Chairman Michael Straus said the foundation aims to use the proceeds to increase its $225 million endowment and expand the scope of its art-related grant programs. “We’re converting art into money,” Mr. Straus said.
Warhol is one of the art market’s top commodities, and this selloff could significantly recalibrate his prices because the foundation is putting so many pieces into broader circulation for the first time. These include at least 350 paintings and 1,000 prints, plus thousands of drawings and unique photographs the artist took during his four-decade career.
Alberto Mugrabi, a New York dealer whose family owns at least 800 Warhols, said the estate has hinted for over a year that it might want to close up shop, and Mr. Mugrabi said he and a few other dealers offered to buy it, but the foundation declined. Now, he said, he worries the foundation will “dilute” the Warhol brand by flooding the market with too much material at once. “It’s ridiculous—they have a great product, and they’re pushing it out into the market like cattle,” he added.
Warhol’s prolific output has long been sifted and traded on varying levels, with collectors paying a premium for the 8,000 paintings and sculptures he produced between 1952 and his death in 1987. These still turn up at auction so consistently—about 200 works a year—that they have become a bellwether for the entire $25 billion art market. Last year alone, auctions sold $346 million worth of his art, according to Artnet, a database that tracks auction sales.
Five years ago, a collector paid Christie’s a record $71.7 million for a 1963 work, “Green Car Crash.”
But farther down the artistic food chain, there are plenty of collectors who continue to chase the more than 100,000 photographs, prints, film negatives and drawings on sketchpads that Warhol created alongside his best-known silk-screens of Hollywood starlets. Prices for these lesser-known works can fluctuate wildly from a few thousand dollars for a photograph to more than $5 million apiece for a drawing.
Mr.
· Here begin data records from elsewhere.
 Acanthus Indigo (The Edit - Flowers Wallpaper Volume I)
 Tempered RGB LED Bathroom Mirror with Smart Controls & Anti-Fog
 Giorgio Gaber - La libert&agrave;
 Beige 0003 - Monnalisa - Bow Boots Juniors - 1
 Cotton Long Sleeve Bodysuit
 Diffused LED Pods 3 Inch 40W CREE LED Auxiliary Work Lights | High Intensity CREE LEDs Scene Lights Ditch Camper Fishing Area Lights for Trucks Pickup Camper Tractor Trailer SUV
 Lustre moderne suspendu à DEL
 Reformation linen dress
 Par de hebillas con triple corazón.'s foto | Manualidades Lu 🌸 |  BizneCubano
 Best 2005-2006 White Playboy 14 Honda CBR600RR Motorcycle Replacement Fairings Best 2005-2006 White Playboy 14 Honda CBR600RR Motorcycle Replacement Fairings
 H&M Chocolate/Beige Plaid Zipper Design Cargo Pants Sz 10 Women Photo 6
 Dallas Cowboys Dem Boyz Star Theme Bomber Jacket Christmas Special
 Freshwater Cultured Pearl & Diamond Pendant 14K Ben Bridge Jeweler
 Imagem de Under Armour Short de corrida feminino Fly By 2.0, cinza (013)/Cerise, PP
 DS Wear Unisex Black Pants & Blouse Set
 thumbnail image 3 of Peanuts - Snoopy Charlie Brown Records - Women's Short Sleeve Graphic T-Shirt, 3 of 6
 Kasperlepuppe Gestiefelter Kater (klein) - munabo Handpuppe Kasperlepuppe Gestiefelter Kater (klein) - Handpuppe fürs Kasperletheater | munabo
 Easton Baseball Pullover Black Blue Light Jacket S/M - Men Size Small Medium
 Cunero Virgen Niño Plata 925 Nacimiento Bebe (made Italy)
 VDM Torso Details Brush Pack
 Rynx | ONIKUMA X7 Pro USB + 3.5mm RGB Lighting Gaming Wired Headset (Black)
Straus said the estate isn’t sitting on a slew of soup-can masterworks, but what’s left does cover the entire arc of the artist’s career, from his early years as a commercial illustrator to his Pop art to his final days as a New York social fixture, with a Polaroid camera regularly hanging around his neck. The foundation has timed its sale on the heels of a major retrospective of the artist’s work, which opens Sept. 18 at New York’s Metropolitan Museum of Art.
Since none of the estate’s remaining material has ever been sold—or even seen by the public—before, Christie’s is preparing to market it as a treasure trove. The auction house, a unit of London-based Christie’s International PLC , said it would kick off the sale by offering roughly 350 Warhol works on Nov. 12 in its New York auction room, followed by a series of online-only sales of lower-priced pieces next February and for years beyond.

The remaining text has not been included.